La salud es un concepto complejo que tiene una gran repercusión en la vida de las
personas en general y en la de las mujeres en particular y debe ser entendida desde una
óptica biopsicosocial. “La falta de perspectiva de género en el ámbito sanitario supone
un factor de riesgo para la salud integral de las mujeres”. Así, el modelo biomédico
vigente genera gran sufrimiento en las mujeres puesto que no tiene en cuenta variables
de género en su planteamiento. De hecho, la medicalización de los síntomas y la
normalización del dolor es una consecuencia de lo anteriormente dicho.

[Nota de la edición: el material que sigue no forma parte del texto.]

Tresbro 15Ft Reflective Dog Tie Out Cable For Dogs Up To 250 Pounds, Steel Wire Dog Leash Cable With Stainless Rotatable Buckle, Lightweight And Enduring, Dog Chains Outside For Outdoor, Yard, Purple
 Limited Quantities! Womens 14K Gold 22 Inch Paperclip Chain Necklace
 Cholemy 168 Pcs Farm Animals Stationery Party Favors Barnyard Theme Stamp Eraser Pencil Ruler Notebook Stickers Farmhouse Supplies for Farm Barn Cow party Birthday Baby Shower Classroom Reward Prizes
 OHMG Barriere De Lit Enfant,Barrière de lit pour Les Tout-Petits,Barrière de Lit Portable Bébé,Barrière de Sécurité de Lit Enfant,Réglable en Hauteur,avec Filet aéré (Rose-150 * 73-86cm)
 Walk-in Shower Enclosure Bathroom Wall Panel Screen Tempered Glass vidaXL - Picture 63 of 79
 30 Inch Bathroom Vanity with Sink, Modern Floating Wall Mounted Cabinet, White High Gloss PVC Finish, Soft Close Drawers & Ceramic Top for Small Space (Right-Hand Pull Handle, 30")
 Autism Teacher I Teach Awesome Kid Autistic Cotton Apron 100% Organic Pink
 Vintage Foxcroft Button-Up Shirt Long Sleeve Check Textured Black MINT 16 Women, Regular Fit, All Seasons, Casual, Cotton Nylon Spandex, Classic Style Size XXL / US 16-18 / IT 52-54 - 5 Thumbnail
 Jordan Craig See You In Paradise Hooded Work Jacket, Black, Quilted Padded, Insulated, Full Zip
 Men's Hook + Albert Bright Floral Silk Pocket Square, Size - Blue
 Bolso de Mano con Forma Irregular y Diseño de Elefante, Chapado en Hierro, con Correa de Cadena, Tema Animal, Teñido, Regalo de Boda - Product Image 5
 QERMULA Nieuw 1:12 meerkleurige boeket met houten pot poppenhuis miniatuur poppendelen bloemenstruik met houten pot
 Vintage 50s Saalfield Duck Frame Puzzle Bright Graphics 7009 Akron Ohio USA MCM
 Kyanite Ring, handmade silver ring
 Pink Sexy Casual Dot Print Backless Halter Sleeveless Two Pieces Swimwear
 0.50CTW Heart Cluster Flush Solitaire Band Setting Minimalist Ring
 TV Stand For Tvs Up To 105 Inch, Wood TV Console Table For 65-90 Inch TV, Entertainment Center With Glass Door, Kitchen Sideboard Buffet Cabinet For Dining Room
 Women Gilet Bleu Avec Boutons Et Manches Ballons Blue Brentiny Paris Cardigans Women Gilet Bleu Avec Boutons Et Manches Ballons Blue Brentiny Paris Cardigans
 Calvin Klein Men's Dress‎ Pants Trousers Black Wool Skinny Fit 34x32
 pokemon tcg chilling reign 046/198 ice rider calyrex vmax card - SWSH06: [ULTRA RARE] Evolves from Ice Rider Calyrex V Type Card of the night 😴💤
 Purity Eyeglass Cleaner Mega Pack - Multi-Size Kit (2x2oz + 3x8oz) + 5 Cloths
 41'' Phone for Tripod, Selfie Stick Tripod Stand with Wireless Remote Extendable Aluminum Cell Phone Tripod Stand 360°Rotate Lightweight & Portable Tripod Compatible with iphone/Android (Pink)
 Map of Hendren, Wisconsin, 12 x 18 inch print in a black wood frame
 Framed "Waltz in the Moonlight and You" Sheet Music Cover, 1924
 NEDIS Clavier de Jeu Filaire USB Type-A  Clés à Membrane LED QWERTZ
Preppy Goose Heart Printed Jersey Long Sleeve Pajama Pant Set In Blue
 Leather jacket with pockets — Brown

Cada vez es más evidente que vivimos en una sociedad que comercializa la infelicidad
al negar las emociones como algo consustancial a nuestra naturaleza humana. La
invención de trastornos, o clasificación con sesgo de género, basados en emociones
humanas normales (y casi nunca patológicas) como la tristeza, la ansiedad, el
desasosiego, la timidez… acaba con procesos de sobremedicalización por supuestos
trastornos mentales, que en realidad son, en la mayoría de las situaciones, reacciones a
las desigualdades sociales y modelos socioculturales.